Frontometaphyseal dysplasia (FMD) is a rare, sclerosing skeletal dysplasia which primarily affects the long bones and the skull. Approximately 50% of cases are caused by gain-of-function mutations in the X-linked gene FLNA. X-linked FMD is therefore allelic to a spectrum of other skeletal dysplasias, the otopalatodigital spectrum disorders. FLNA encodes the actin-binding protein filamin A and it is uncertain why gain-of-function should lead to these hyperostosis phenotypes. Here we describe how gain-of-function mutations in two further genes, MAP3K7 and TAB2 cause an autosomal dominant form of FMD (AD-FMD), and account for the condition in the other half of individuals. These mutations lead to hyperphosphorylation of the TAK1 protein, encoded by MAP3K7, and increase the activity of the p38 kinase, an important downstream output of the TAK1 signalling complex. These findings suggest the pathogenesis of gain-of-function FLNA mutations may be mediated by misregulation of signalling through TAK1. By studying a cohort of 20 individuals with AD-FMD, we found all individuals have the necessary diagnostic criteria of FMD but also important distinguishing features to differentiate it from X-linked FMD. Individuals with AD-FMD are more likely to be deaf, and have scoliosis and cervical fusions. Additionally, there are features found exclusively in AD-FMD including valgus deformity of the feet, intellectual disability, and predisposition to keloid scarring.
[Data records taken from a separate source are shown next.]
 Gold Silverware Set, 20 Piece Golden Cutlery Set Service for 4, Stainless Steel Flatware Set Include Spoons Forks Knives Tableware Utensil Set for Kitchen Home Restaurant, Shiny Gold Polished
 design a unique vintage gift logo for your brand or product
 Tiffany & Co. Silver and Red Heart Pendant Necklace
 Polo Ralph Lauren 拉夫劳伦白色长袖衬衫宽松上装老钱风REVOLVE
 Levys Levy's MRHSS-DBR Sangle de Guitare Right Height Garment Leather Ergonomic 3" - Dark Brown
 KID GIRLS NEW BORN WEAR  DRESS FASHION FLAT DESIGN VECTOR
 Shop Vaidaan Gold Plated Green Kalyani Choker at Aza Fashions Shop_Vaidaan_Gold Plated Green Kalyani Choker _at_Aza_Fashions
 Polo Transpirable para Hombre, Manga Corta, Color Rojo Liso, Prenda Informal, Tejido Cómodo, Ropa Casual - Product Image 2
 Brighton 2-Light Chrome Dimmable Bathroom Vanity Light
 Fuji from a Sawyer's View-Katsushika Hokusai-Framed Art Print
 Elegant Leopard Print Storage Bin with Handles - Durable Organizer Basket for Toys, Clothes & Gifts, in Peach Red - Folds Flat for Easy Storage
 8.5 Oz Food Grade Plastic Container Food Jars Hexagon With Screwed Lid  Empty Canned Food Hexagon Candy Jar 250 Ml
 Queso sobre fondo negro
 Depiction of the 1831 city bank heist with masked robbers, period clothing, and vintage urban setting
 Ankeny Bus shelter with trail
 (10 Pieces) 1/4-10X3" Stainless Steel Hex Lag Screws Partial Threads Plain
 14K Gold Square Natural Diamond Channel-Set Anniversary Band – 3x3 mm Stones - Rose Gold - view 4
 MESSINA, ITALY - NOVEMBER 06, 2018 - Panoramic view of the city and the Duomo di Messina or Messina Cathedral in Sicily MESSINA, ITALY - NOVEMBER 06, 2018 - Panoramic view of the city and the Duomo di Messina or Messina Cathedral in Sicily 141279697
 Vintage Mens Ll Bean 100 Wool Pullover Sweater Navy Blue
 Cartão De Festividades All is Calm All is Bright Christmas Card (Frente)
Furthermore genotype-phenotype correlations can be drawn within AD-FMD, with those patients with N-terminal substitutions in TAK1 having a milder phenotype than other individuals with AD-FMD. This study reveals important clinical distinctions between the forms of FMD to aid diagnosis and suggests that filamin A and the TAK1 complex are part of the same biochemical pathway which regulates bone development and homeostasis.